Featured books will be available for the public today.
They can also be placed on hold online at wallawallapubliclibrary.org or call the Library for assistance at 527-4550.
Featured books include:
“The Mothers,” by Jennifer Gilmore.
“Jesse and her husband, Ramon, are a world-traveled, well-educated professional couple who desperately long for a child.
Now, after several years of failed IVF treatments, they have decided to adopt.
They greet the decision with a sigh of relief, thinking they are just a few manageable steps away from their dream, but that’s before they discover the unique difficulties of the world of domestic adoption.
From the interviews and the questions about race and religion to heartbreaking moments when they are scammed, the process turns out to be an arduous journey.
Gilmore does an excellent job of capturing Jesse’s raw and complex emotions, chronicling the strain on her marriage and her changing sense of self as she tries to remain hopeful while she waits.
Tense and heartbreaking, with moments of surprising humor, this story about families, mothering and love is both entertaining and thought-provoking.”
—reviewed by Courtney Ophoff, Booklist, Mar. 15, 2013.
“You,” by Austin Grossman.
“Grossman draws on his own experience as a video-game designer to take us behind the scenes at Black Arts Games, a (fictional) video-game company poised to release a new version of one of its biggest hits.
Russell, a new hire at the company (but an old friend of the company’s founders), is thrown in at the deep end when a software bug is discovered that threatens to sink the new game.
To find the source of the bug, Russell explores the history of the company, its founders, and his complicated relationships with them.
The book is really a celebration of video games and their creators. It’s full of terminology and dialogue that might seem like another language to the uninitiated reader (we do pick it up as we go along), but, mostly, due to his boundless enthusiasm for his story, Grossman never makes readers feel uninformed or left out in the cold.
He invites us into the world of video games, introduces us to the people whose lives revolve around them, and makes us feel right at home.”
—Reviewed by David Pitt, Booklist, Mar. 15, 2013.
“Walking Home; a Poet’s Journey,” by Simon Armitage.
“Snaking through bogs, moors, and hills, the Pennine Way — Britain’s equivalent to the Appalachian Trail-follows the ‘backbone of England.’
Renowned poet Simon Armitage, armed with only an insufficient supply of Band-Aids, a backpack full of Mars bars, and a wry humor all his own, decided to walk it in reverse, north to south, ending in the Yorkshire village in which he was born.
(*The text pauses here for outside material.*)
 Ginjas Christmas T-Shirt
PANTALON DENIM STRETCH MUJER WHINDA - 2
Armitage walks, tramps, and slogs his way home, overcoming the physical and emotional challenges of his journey while reflecting on the poet’s place in a crowded and bustling modern world.”
— Jacket notes
“The Future,” by Al Gore.
“Ours is a time of revolutionary change that has no precedent in history. With the same passion he brought to the challenge of climate change, and with his decades of experience of the front lines of global policy, Al Gore surveys our planet’s beclouded horizon and offers a sober, learned, and ultimately a hopeful forecast.
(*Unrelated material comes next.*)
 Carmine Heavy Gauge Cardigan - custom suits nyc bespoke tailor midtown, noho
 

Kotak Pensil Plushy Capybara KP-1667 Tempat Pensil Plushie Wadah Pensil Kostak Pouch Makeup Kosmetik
From his earliest days in public life, Al Gore has been warning us of the promise and peril of emergent truths. “The Future” is a map of the world to come, from a man who has looked ahead before and been proven all too right.”
— Jacket notes
“Tomorrow There Will Be Apricots,” by Jessica Soffer. “Terror Red,” by Colonel David Hunt.“Feature and Magazine Writing,” by David E. Sumner.
“Keep Out; Build Your Own Backyard Clubhouse,” by Lee Mothes.